Но опустил он взгляд ниже – увидел покосившиеся, вычерненные непогодами и временем заборы Новопашенного.
– Маленькую, опрятную огорожу сработали бы – и хва, – привычно принялся ворчать старик. – Так нет же – из горбыля метра в полтора-два наворотим дурищу! Почернел забор – страхота страхотой, и выглядывает из-за этого острожного частокола или подсматривает в щёлку опасливый хозяин, а возле его ног гавкает на прохожего псина, с цепи рвётся… Тьфу! Дурная всюду жизнь, некрасивая, безобразная! Эх, чего уж теперь!..

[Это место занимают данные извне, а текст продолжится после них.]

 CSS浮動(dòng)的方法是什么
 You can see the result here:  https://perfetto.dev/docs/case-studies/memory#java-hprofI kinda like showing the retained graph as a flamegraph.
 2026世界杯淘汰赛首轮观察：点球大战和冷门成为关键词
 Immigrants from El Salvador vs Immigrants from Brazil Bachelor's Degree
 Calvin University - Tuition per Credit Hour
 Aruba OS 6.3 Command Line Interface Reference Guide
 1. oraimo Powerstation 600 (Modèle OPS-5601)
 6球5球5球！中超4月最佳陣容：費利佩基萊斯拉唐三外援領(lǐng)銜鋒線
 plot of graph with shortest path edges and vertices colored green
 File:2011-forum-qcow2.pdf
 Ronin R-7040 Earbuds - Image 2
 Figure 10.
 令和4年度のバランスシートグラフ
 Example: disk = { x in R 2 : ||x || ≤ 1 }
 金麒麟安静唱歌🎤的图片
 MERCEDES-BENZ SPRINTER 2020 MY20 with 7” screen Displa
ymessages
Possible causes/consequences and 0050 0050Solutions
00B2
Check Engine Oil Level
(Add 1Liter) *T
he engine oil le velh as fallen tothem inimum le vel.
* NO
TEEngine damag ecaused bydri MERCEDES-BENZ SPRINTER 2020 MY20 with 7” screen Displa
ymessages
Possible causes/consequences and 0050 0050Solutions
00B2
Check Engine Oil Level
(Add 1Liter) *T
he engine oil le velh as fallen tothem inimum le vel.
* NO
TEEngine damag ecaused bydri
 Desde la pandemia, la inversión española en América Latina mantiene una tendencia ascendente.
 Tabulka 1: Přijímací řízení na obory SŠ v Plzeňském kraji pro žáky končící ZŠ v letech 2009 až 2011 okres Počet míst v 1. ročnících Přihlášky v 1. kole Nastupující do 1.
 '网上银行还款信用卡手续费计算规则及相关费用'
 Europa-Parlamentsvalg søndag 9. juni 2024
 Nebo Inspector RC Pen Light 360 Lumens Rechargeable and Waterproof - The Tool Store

Конечно, старик понимал, что от чужого скота и собак заграждает человек свои огороды и дворы и цепных псов держит не от хорошей жизни: известно, не коммунизм на дворе, без надёжного охранника не обойтись. Понимать понимал старик, однако уже не мог по-другому думать о земляках, кроме как – супостаты-де они, бестолочи, никчемные люди, и сколько ещё за долгую и привередливую свою жизнь он нашёл и придумал о них хлёстких, обидных слов!
С такими чувствами и мыслями, может быть, рано или поздно и закончилось бы житьё бытьё старика там, на его горбатенькой горе, в немилом одиночестве, в неспокое души его горячей, да невероятные обстоятельства внезапно и беспощадно и жизнь его переворотили, и душу перетряхнули.
* * *
Только Иван Степанович взялся за топор, чтобы наколоть дров, как слышит:
– Пожа-ар!..
Скоренько на улицу. Глянул туда, сюда, однако не приметил ни огня, ни дыма. Мальчик с радостными, высокими подпрыжками – «точно бы крылышки у него сзади, как у ангела», отчего-то подумалось старику, – мчался и ликующе надрывался:
– Пожа-ар!..
Иван Степанович прицыкнул:
– Ты зачем, оглашенный, трезвонишь: какой такой пожар? Где твои ошалелые гляделки узрели огонь?
– Да во-он же, дедушка! – весело махнул мальчуган головой ввысь, в сторону стариковой горы, и заподпрыгивал дальше, видимо, довольный и гордый, что первым сообщает односельчанам такую важную новость.
Вмиг помертвело в груди Ивана Степановича. И не может он поднять головы, чтобы взглянуть на свою гору: страх, казалось, парализовал его тело и волю.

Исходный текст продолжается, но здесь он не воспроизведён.